During the dressing change, the skin was cleaned in the usual way with chlorhexidine 2% and alcohol solution and allowed to dry. A new Grip-Lok PICC was applied and the same type of semipermeable IV dressing placed on top.

The use of Grip-Lok devices was not part of the trust's strategy to avoid or treat medical adhesive skin injury. However, this has changed and it is now.

Case study 4. Dislodgement

In this case, a 50-year-old woman had a Port-a-Cath (Smiths Medical) in place for long-term maintenance treatment for an immunology disorder (Figure 1d). The patient attended the infusion day unit once a month for 4 consecutive days.

On the first day, the Port-a-Cath was accessed using a ¾ inch non-coring needle.

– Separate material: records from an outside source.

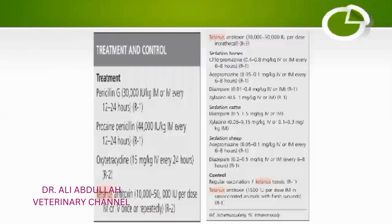This is all about tetanus. I hope you find this case very helpful while diagnosing any case of tetanus in the future. Thank you.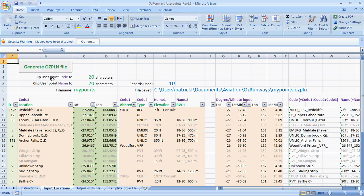Okay, in this video I'll give you a short introduction to how to use the User Points Import Spreadsheet for OzRunways.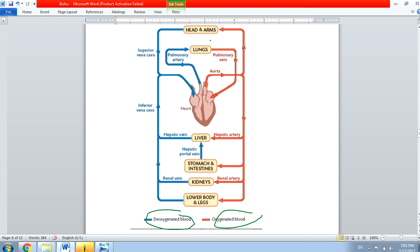Similarly, the lungs collect deoxygenated blood from the right ventricle through the pulmonary artery, give it oxygen to make it oxygenated, and then give it back to the heart through the pulmonary vein. In the same way, the lower body parts send their blood to the heart through the inferior vena cava and receive blood through the aorta.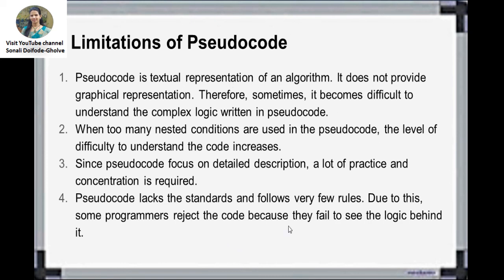Here are some limitations of pseudocode. Pseudocode is a textual representation of an algorithm, so it is necessary to read it line by line to understand it. Sometimes there is complex logic written in pseudocode, so it is not easy to read and understand — it becomes a little bit difficult. Pseudocode focuses on detailed description; a lot of practice and concentration is required to understand and write pseudocode. Also, pseudocode lacks standards — there are no specific standard rules for writing pseudocode.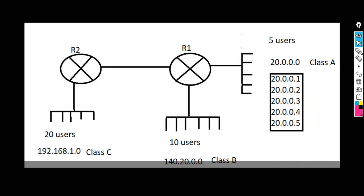So this was the basics of subnetting. That's it for today. I hope you liked this video. If you did, please like and share it with your friends and colleagues. Don't forget to subscribe to this channel and press the bell icon so that you can receive notifications of next videos. Thank you for watching.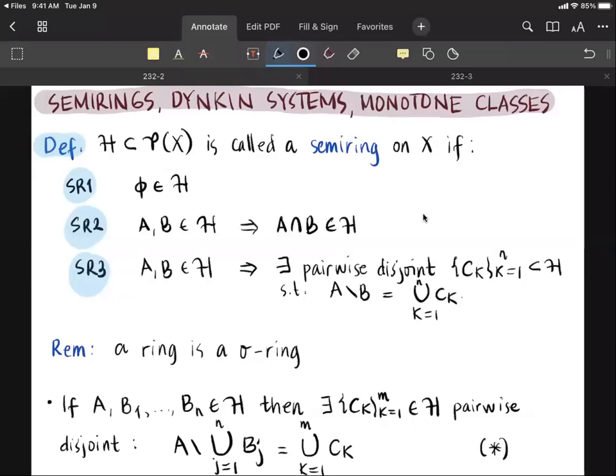Before we proceed with the lecture, there is a correction from the previous one regarding the discussion on semirings. I said in the remark that a ring is a semiring, but what was written was a sigma ring. So this should be corrected — it should be a semiring.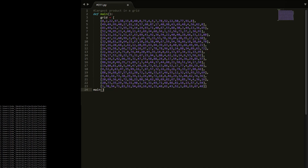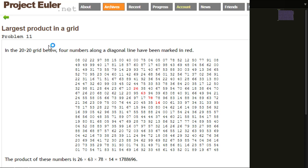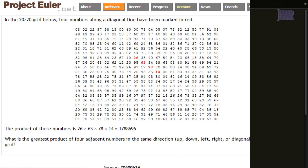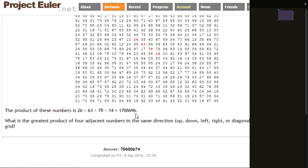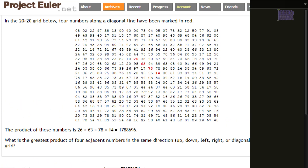Next problem, problem number 11 - here it is. So a 20 by 20 grid, with four numbers along the diagonal being marked red. The product of these numbers is given. What is the greatest product of four adjacent numbers in the same direction? You can go up, down, left, right, or diagonally - so diagonally right to left, diagonally left to right - you have two diagonal directions.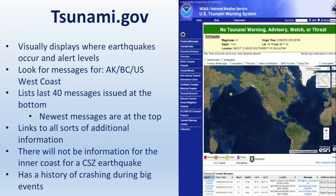Tsunami.gov is a great website that visually displays where earthquakes occur and their alert levels. Under the map, it lists the last 40 messages with the newest at the top, and you can click to view any alert sent. It has a great variety of information including exercises, outreach activities, and educational resources. However, it will not be useful for an intercoast tsunami event from the Cascadia subduction zone, and it tends to crash during big events. This is one of the reasons why it's good to have multiple ways to receive a warning. You can also send a text message to 40404 with the text 'follow NWS NTWC' to receive alerts, follow the tsunami warning center on Twitter or Facebook, or subscribe to an email service via UNESCO/IOC.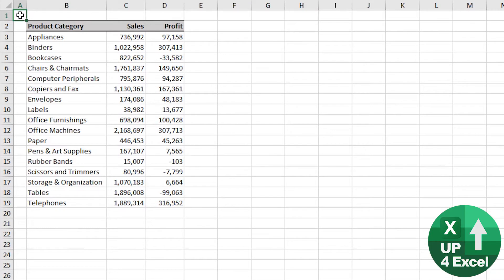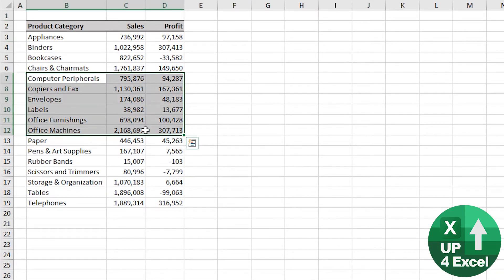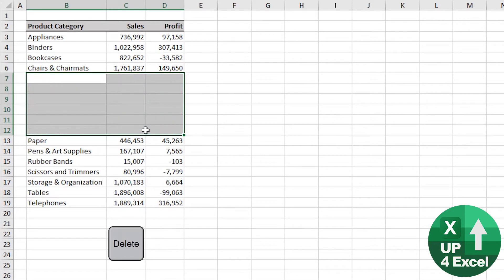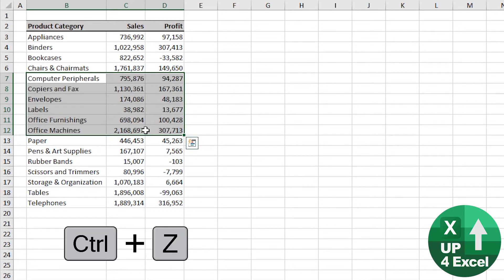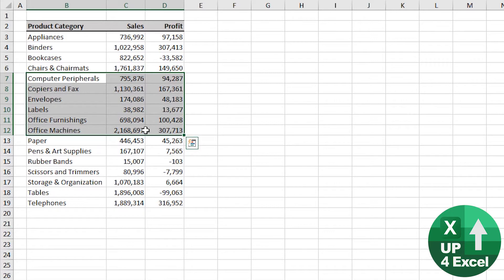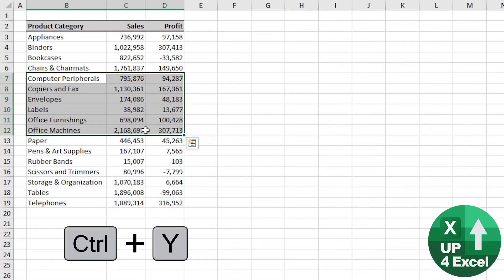Simple but very useful shortcut here. Say I'm a bit slap happy and I mistakenly delete all of those values. All I need to do is Control+Z for undo. Now if I decide actually I did want to do that after all, redo is Control+Y.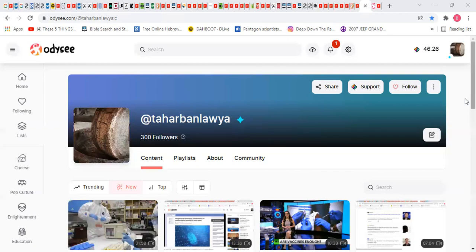Now, until Google or YouTube buys Odysee, if that happens, they'll do the same thing, they'll start taking down the so-called controversial videos. Anyway, the video that is being uploaded right now is dealing with the number one subject before the destruction. You know what I'm talking about.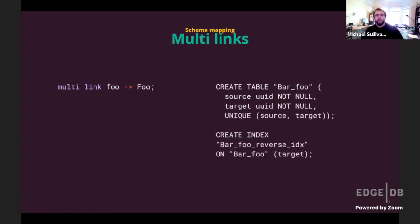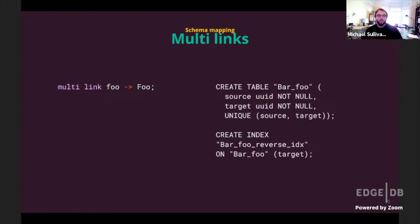More interesting than single links are multi-links. In a normalized relational database, we don't want to store multiple links in a single table row — that's not the relational way. The way Postgres is optimized for this is to create a link table: a separate table that maps a relation between the source of a multi-link and its targets. When you declare a multi-link, we create a link table with source and target fields, a unique constraint to help drive an index, and a reverse index on the target so you can use EdgeQL backlinks.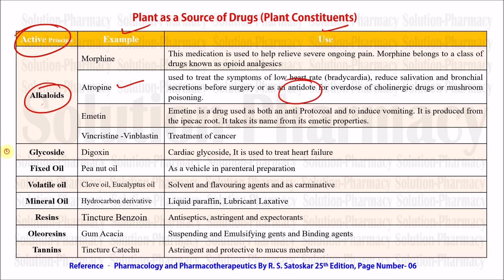Next is the glycoside class. Digoxin is an important and potent cardiac glycoside used for the treatment of congestive heart failure. Fixed oils are oils that are stable at room temperature and do not volatilize — examples include peanut oil and olive oil, used as vehicles in parenteral preparations specifically designed for intramuscular injection. Volatile oils are essential oils used in pharmaceutical preparations, cosmetics, and aromatherapy. Examples include clove oil, eucalyptus oil, lemon oil, and ginger oil, used as solvents and flavoring agents.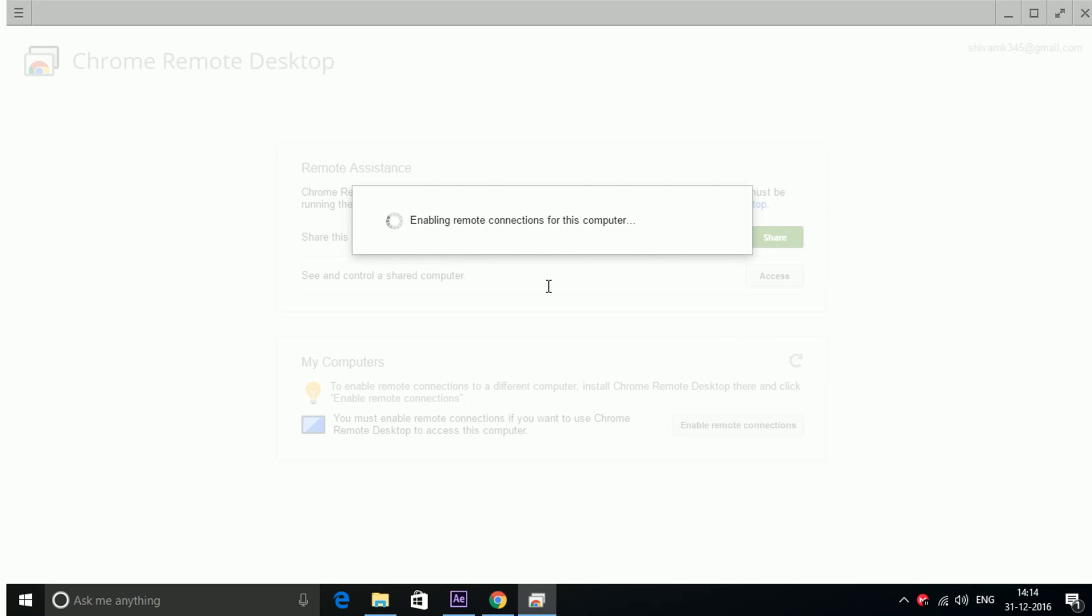Now yes. Now you can see remote connection for this computer have been enabled.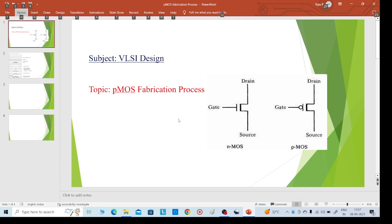Hi, I am going to explain about the pMOS transistor fabrication process. Here you can see the symbol for the pMOS transistor — it is having three terminals: source, gate, and drain.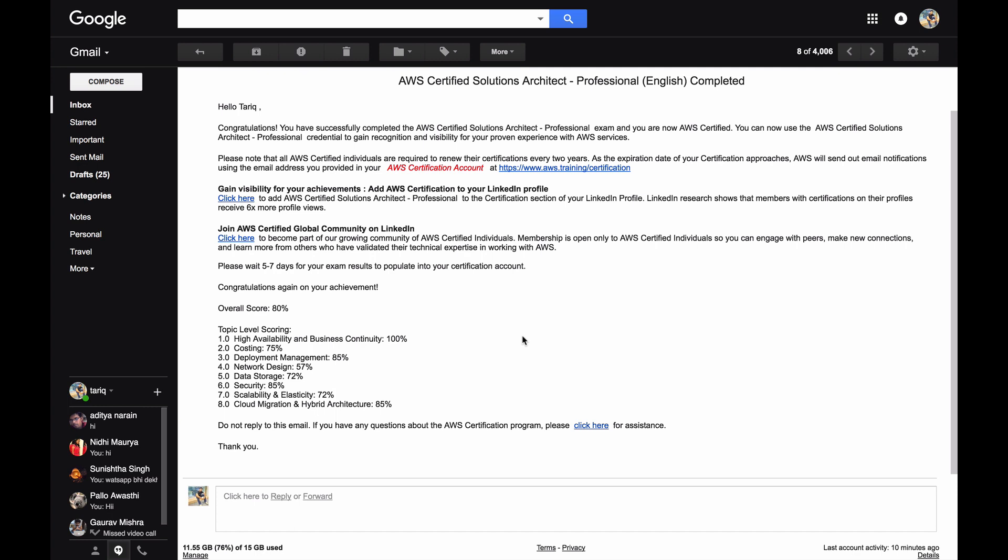For professional exam, lastly is to go over the FAQs. Just go over the FAQs of especially the core services: VPC, EC2, S3, RDS. And for professional I would say specifically go over the FAQs of Kinesis, DynamoDB, Direct Connect. Those three are very important.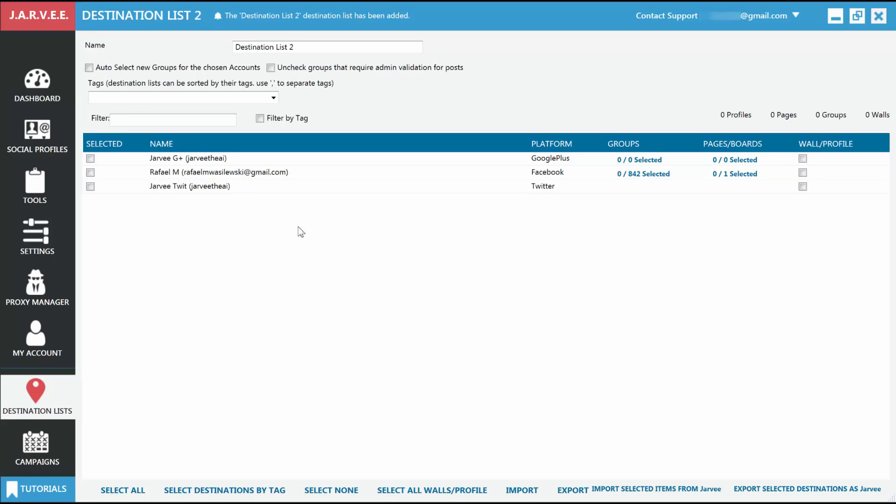This is your newly created destination list. Give it a name so you can easily recognize it, like 'My First Destination List.' You can also give it a tag so in case you have several destination lists for several accounts, you can easily group them together. Underneath, you will see a table with all the valid accounts you have added to Jarvee.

The non-coring needle set was covered with a semipermeable film dressing to secure it in place. The patient kept the non-coring needle and film dressing in place for 4 days. She went home with access in situ and returned to the IV unit each day for her IV infusion therapy.

The patient was having problems with the non-coring needle being dislodged overnight while she was asleep. The extension set and needle-free extension set was getting caught in bedclothes and bedding during night-time movements.

A Grip-Lok device was used to secure the non-coring set to the chest, which prevented the non-coring needle from being inadvertently malpositioned. This also made the device more secure when the infusion set was connected during therapy administration. The use of Grip-Lok gave the patient peace of mind and reduced the risk of infection associated with repeated and continuous accessing of the Port-a-Cath during the same episode of infusion therapy.

Conclusion

Adhesive catheter securement devices offer a painless, comfortable and reliable method of vascular access device securement. The evaluation of the Grip-Lok devices was positive, and all aspects of it work well in clinical practice. A box of Grip-Lok devices does not take up much storage space and individually wrapped units are small; both considerations are important at the author's trust where storage space is lacking.

Unfortunately, it has not been possible trial the use of the Grip-Lok device as an alternative to suturing CVCs in place in the internal jugular in the UK despite it being used in other parts of the world. This was because of unfounded concerns about moving away from suturing, and more evidence is required to move this forward.

Grip-Lok devices have become part of our vascular access device care and maintenance regimens and, because of their universal and adaptable nature, the author recommends their use in clinical practice.

KEY POINTS

  • Adhesive devices have an advantage over sutures as the latter are associated with an increased risk of infection
  • Grip-Lok devices offer adhesive securement to a variety of vascular access devices and can be used as a secondary securement device, which can support long or multiple lumens
  • A move away from suturing IV devices in situ should be considered and the Grip-Lok devices offer an adhesive alternative
  • Grip-Lok uses hypoallergenic adhesive, so skin reactions can be prevented
  • Because of their versatile nature, Grip-Lok products can be used as standard for all vascular access device securement; the products work in the same way, training in its use is simple and it is cost-effective
  • CPD reflective questions

  • How could the use of adhesive securement devices improve vascular access practice in your organisation?
  • Have you audited the rate of vascular access device dislodgement in your practice? Consider what changes in practice you could implement
  • Who is central vascular access devices in your organization, are they aware of the best practice thinking in catheter securement? What can you do to ensure standardisation in the whole of your organisation?